Scientific journal, Nature, has published a paper by a team led by the 'Father of DSC' Professor Michael Graetzel describing a new deposition process to create the light harvesting pigment for solid-state dye solar cells. Cells fabricated using this technique and incorporating Dyesol's key DSC input materials and specially formulated 18NR-T Titania Paste have established a new world record efficiency of 15% for a solid-state Dye Solar Cell (DSC).
"The recent breakthroughs in solid-state Dye Solar Cell technology are truly astonishing. This is the dawn of a new age in efficient and affordable renewable energy," said Dyesol Executive Chairman, Richard Caldwell. "The EPFL and Professor Graetzel choose Dyesol as their materials supplier for achieving best results and, most importantly, for commercialisation projects, reproducible results. These are the same benefits that we will deliver to our major project partners as Dyesol has ongoing access to this improved technology and the arguments for large scale industrialisation are now very compelling."
Professor Graetzel responded: "Our research work on solid-state dye sensitised solar cells is now achieving efficiencies exceeding 15% and our cells have been externally validated with a world record of 14.1%. At these efficiencies the technology is extremely competitive with conventional solar cells particularly when you consider dye sensitised solar cells do not need perfect sunlight conditions to effectively produce energy. In the task of scale up from small laboratory sized cells to industrial scale, we are particularly encouraged by the program from Dyesol to allow commercial deployment of this game changing technology in the shortest possible timeframe."
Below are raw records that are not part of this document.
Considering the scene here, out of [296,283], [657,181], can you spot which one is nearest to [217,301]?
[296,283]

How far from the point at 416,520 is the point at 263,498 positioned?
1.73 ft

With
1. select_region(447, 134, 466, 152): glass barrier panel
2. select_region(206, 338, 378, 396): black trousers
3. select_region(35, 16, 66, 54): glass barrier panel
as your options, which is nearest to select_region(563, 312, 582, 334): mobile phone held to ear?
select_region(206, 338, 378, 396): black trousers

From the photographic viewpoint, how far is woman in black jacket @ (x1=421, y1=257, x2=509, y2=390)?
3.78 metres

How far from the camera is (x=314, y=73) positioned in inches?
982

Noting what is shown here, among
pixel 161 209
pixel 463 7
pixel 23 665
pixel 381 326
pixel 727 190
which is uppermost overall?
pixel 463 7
This independently certified efficiency result eclipses all previous certified public records and is now the official world-record for Dye Solar Cell technology performance. The DSC world record efficiency result of 14.1% catapults the energy output of DSC devices to the next level. It is relatively cheap and provides competitive efficiency. One of the many advantages DSC technology offers over traditional silicon solar panels is the consistent energy output in low-light, dawn, dusk, cloudy, indoor/artificial, and shaded or indirect-light conditions. This means that the cumulative seasonal energy output from DSC over the course of a cloudy autumn, dreary winter, and whole year is much greater.
The two-step deposition process highlighted in EPFL's report published in Nature is, importantly, reproducible - a crucial factor for commercialisation of any technology requiring large scale quantities of product to satisfy a mass-market.